Als Johan­nes Paul II. gewählt wur­de, löste allein schon die­se Tat­sa­che in der poli­ti­schen Klas­se Polens und des Ostens Äng­ste aus. Gibt es auch in Latein­ame­ri­ka hoch­ran­gi­ge Per­sön­lich­kei­ten, die nun zittern?

Wir dür­fen den Poli­ti­kern nicht sagen, daß sie Angst haben müs­sen. Im Gegen­teil, ich wür­de ihnen sagen, heu­te müs­sen wir den Glau­bens­schatz ver­tei­di­gen, der in Latein­ame­ri­ka exi­stiert. Der Papst wird es tun, davon bin ich über­zeugt: er wird die Fami­lie ver­tei­di­gen, die Ehe zwi­schen Mann und Frau, das Recht der Kir­che auf Reli­gi­ons­un­ter­richt. Er wird die geist­li­chen Reser­ven, die unse­ren Kon­ti­nent aus­zeich­nen gegen säku­la­ri­sti­sche und feind­li­che Ten­den­zen stär­ken, die nur den Kon­flikt suchen. Fran­zis­kus ver­langt viel Kohä­renz: wenn du betest und an die Sakra­men­te glaubst, wie kannst du dann steh­len? Wie kannst du dei­ne Frau ver­las­sen? Wie kannst du lügen? Wie kannst du töten? Der Papst wird dies mit gro­ßer Barm­her­zig­keit und einer direk­ten und glaub­wür­di­gen Spra­che zu sagen wissen.

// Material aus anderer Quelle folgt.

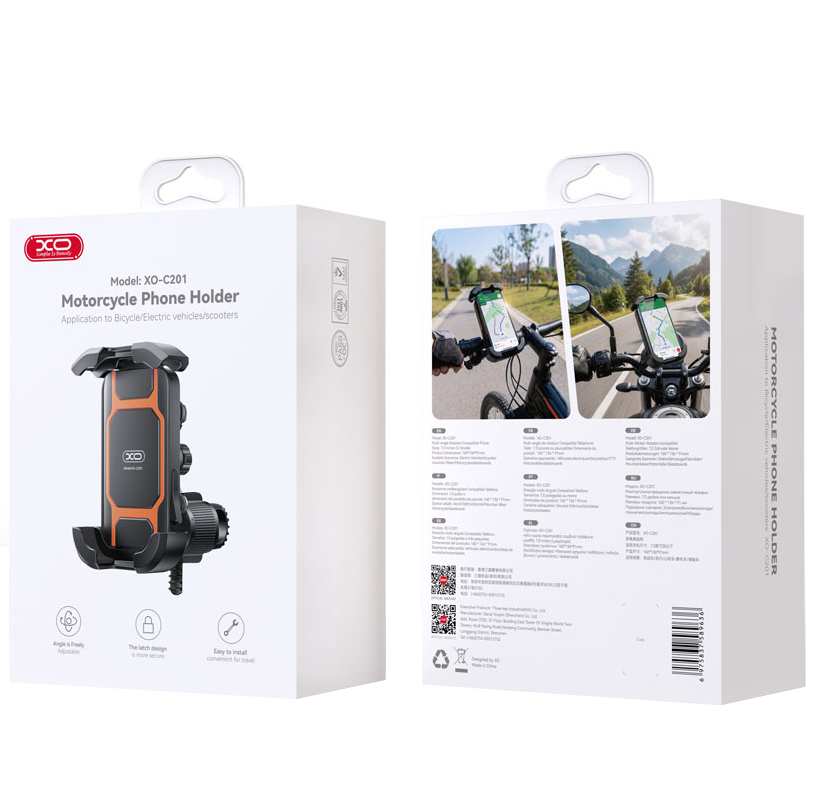 Cykel- og Motorcykelholder XO Design C201, 4,5 tommer - 7 tommer, Sort Orange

Wird es eine gro­ße Latein­ame­ri­ka­rei­se geben?

Ich habe ihn bereits nach Peru ein­ge­la­den, ver­ste­he aber, daß es noch zu früh ist, eine Ant­wort zu erhal­ten. Jetzt, nach Ostern, muß er sei­ne Mann­schaft bil­den und dann wird er ent­schei­den, ob er rei­sen wird oder nicht. Wir kön­nen aber sagen, daß die­se uner­war­te­te Wahl eini­ge neue Ele­men­te auf den Tisch gebracht hat: die Authen­ti­zi­tät des Glau­bens, die Mystik, das Kei­ne-Angst-Haben. Mit der Hil­fe aller kann Fran­zis­kus ein Segen für die Kir­che sein. Zusam­men mit der latein­ame­ri­ka­ni­schen Freu­de ist es unse­re Ver­ant­wor­tung, ihm bei der Erfül­lung sei­ner Mis­si­on zu helfen.